I bet it wasn't easy for you to tell him if you were ever unhappy with anything.

asked how I thought that given he was essentially losing both the possibility of happiness with me and the reality of happiness in his marriage.

He sounds self-absorbed (these men tend to be- or at the very least at a time in life when they're focused on their own needs.) He isn't thinking so much of the hurt he's caused you or the nasty way he's treated his wife, mostly his own feelings.

I do think these wives deserve to know because then they can make informed decisions about how they want to spend their lives. It also might help you affirm your power after how he has treated you and rendered you in some ways powerless.

Sugartitss · 03/06/2020 20:36

Don’t affirm your power by telling his wife. What a crock.

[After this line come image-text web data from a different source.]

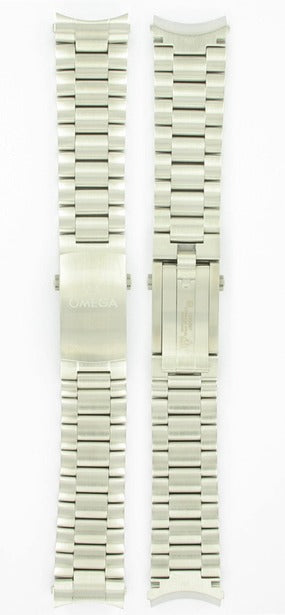 OMEGA Seamaster Planet Ocean II 232.15.46.21.01.001 Steel Bracelet 22mm Diver Extension Ref 020ST1590867, 1590/867, 7612882919931 – Genuine OEM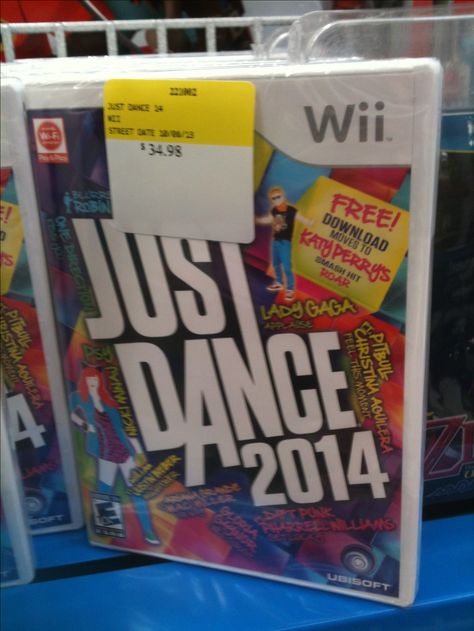 Just Dance 2014- Wii game Wii Just Dance, 2000s Games, Just Dance 2014, Dance Revolution, Boxing Hand Wraps, Dance Dance Revolution, Wii Game, Hand Wraps, 2010s Nostalgia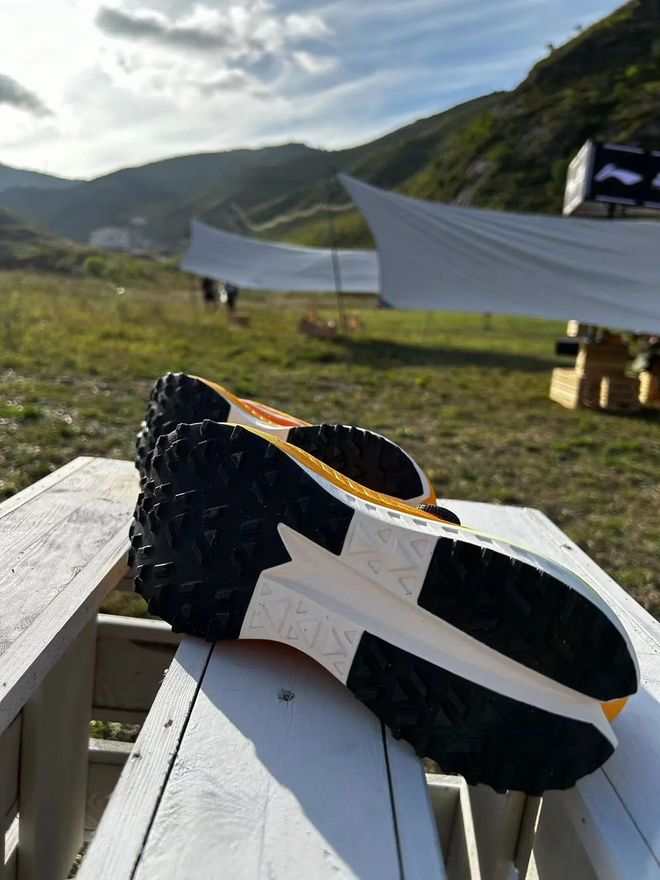 燃烧GEAR ｜的卢，李宁跑鞋矩阵的最后一块拼图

Interestedwoman · 03/06/2020 20:42

Sugar- this bloke has been a twat and he deserves all he gets. Aside from which, his wife could have the choice to choose whether she wants to spend the rest of her life with this traitorous liar. But each to their own.

And a flippant part of me thinks even if I wanted he, why does he deserve to get everything he wants?

Nothing flippant about it. You gave him everything and owe him nothing, and if you block him it'll help you reclaim your sense of how you should be treated. I promise you, it gives you a real boost.

Footywife · 03/06/2020 20:44

I don’t think you should be allowed to get over it. You reap what you sow.

TimeWastingButFun · 03/06/2020 20:48

I think in most cases the person doing the breaking up already has someone, unfortunately.